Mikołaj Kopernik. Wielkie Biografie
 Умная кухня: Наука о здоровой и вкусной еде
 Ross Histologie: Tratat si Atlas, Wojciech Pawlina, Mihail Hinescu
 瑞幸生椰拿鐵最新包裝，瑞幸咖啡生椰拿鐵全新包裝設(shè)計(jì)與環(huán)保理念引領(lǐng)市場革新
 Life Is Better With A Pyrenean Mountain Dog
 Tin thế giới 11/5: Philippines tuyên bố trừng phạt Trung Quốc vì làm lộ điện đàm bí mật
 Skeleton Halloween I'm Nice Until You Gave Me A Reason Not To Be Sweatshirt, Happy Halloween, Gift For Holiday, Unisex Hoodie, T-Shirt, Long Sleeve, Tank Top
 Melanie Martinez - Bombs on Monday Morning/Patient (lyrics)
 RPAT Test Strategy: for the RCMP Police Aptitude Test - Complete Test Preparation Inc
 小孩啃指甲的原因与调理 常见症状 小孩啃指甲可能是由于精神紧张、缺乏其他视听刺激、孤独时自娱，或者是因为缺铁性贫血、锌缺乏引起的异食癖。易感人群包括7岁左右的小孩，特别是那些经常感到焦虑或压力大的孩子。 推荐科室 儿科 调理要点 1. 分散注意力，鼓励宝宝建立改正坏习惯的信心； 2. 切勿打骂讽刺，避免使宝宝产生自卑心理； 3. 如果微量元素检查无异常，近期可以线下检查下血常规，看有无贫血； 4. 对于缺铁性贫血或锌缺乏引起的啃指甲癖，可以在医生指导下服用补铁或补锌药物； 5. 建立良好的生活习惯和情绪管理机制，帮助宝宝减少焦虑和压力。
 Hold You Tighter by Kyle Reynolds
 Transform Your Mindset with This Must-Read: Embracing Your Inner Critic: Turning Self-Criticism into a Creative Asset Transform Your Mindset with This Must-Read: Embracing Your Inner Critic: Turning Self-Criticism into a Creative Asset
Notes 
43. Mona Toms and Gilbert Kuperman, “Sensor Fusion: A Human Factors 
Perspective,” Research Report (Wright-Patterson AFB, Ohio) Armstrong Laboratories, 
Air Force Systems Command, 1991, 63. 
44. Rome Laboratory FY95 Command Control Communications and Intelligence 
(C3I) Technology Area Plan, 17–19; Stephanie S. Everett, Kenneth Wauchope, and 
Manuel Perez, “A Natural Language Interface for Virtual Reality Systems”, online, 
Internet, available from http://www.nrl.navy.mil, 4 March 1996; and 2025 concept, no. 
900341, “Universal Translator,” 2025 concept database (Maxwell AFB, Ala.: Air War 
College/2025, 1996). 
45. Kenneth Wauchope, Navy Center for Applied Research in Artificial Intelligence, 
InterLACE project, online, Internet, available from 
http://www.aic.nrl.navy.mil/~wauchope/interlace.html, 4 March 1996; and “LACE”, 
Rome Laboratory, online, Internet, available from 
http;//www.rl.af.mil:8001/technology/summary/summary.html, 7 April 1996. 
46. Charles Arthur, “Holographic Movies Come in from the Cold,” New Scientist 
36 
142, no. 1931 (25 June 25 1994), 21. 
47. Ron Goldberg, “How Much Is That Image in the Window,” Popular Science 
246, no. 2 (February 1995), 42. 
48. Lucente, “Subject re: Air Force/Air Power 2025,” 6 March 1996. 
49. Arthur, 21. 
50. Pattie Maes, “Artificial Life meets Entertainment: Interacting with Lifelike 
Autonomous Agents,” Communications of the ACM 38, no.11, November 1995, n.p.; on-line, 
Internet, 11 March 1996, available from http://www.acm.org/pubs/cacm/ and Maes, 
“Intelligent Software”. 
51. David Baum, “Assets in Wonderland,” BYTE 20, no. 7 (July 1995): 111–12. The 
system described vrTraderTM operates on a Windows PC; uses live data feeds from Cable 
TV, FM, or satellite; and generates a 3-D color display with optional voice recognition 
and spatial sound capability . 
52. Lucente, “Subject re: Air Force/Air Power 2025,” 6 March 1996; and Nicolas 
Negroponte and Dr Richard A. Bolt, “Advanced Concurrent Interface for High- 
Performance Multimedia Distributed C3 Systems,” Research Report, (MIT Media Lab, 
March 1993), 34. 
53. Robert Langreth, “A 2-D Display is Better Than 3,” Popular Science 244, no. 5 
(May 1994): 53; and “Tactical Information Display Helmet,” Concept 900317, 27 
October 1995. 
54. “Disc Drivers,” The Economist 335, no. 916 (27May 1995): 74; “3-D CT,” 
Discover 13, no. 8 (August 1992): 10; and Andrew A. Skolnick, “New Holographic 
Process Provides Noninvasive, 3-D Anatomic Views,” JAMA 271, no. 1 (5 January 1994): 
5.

━━━━

Give the count of lines in the data above holding the word "Force", and nothing beyond it.

3